This matters most for reminders because this preamble is where the PR now gives the model the current cron_add delivery hint. If the runtime preamble is skipped, the model gets no trusted delivery guidance for that turn.
The smallest fix is probably to stop treating raw user content as proof that the trusted preamble is already present. Since cached history is intentionally stored without [turn-context], the current outgoing turn can always receive the runtime preamble. Please also add a regression test where the inbound user message starts with [turn-context] and the provider payload still receives the real runtime preamble before the user text.
|
@yijunyu this PR is still waiting on the May 13 requested changes for the prefix-caching path, and I don't see an author update after that review.
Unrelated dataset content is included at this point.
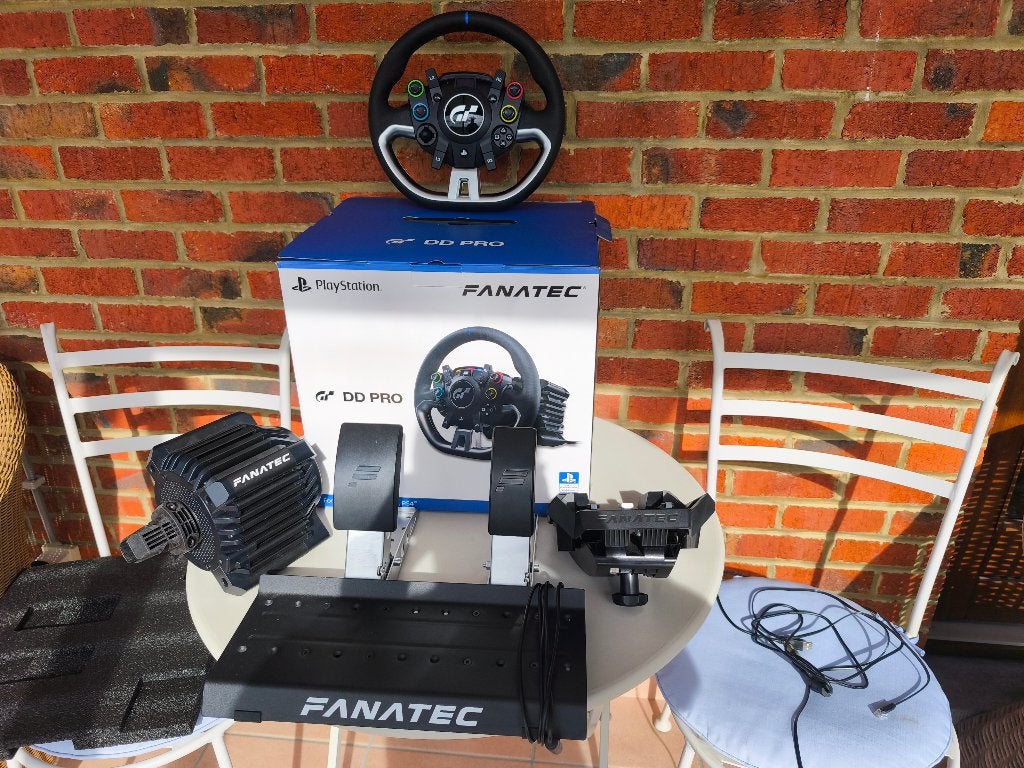 Volant Fanatec FANATEC Gran Turismo DD Pro, Informatique & Logiciels, Enlèvement ou Envoi, Comme neuf, Fanatec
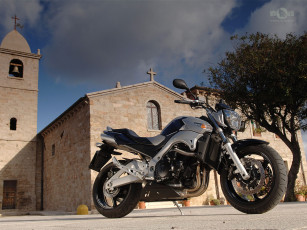 Картинка мотоциклы suzuki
GitHub is not currently reporting a clean mergeability result for the branch, so I'm moving it out of active review. If you want to continue, please push a current branch addressing the existing review feedback, or reply here by June 16, 2026. If there is no update, we'll close this PR as stale and ask for a fresh narrow PR against current |
tidux
left a comment
There was a problem hiding this comment.
I reviewed the current head 1e0ae6f, linked issue #6360, @Audacity88's existing review, and the current master context around crates/zeroclaw-channels/src/orchestrator/mod.rs. I also reran the local checks after the first test attempt got interrupted: cargo fmt --all -- --check, the targeted helper/process tests, cargo test -p zeroclaw-channels --lib --quiet, and cargo clippy -p zeroclaw-channels --lib -- -D warnings all pass on this head.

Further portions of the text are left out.